• **Brief**
Find the line in the entries below that contains "Leila online show from February 12, 1:50 pm". Repeat it exactly, and every line after it through the line that contains "27.08 | Justin".

• **Data shown**
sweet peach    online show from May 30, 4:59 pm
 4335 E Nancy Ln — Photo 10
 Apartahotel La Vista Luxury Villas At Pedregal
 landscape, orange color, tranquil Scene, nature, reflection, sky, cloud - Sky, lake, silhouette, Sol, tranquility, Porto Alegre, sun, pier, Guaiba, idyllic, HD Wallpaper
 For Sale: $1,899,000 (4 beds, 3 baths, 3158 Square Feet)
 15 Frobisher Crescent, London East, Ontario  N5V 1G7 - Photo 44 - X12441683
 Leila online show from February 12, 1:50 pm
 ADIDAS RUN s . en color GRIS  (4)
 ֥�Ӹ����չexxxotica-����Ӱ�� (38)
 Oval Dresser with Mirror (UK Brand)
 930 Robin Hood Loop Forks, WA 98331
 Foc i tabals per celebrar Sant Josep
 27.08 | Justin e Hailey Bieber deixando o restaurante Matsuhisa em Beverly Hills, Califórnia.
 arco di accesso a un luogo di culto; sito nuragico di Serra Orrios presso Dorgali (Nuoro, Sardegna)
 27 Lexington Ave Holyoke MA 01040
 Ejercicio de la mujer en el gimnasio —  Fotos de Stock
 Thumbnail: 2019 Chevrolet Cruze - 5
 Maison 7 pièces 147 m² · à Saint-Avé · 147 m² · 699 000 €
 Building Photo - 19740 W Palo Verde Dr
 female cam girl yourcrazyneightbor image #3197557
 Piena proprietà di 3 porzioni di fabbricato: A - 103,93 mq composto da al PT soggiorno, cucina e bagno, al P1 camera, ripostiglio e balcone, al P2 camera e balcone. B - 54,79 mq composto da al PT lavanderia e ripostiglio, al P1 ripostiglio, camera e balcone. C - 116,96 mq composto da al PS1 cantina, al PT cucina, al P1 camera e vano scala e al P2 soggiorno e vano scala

• **Output of the task**
 Leila online show from February 12, 1:50 pm
 ADIDAS RUN s . en color GRIS  (4)
 ֥�Ӹ����չexxxotica-����Ӱ�� (38)
 Oval Dresser with Mirror (UK Brand)
 930 Robin Hood Loop Forks, WA 98331
 Foc i tabals per celebrar Sant Josep
 27.08 | Justin e Hailey Bieber deixando o restaurante Matsuhisa em Beverly Hills, Califórnia.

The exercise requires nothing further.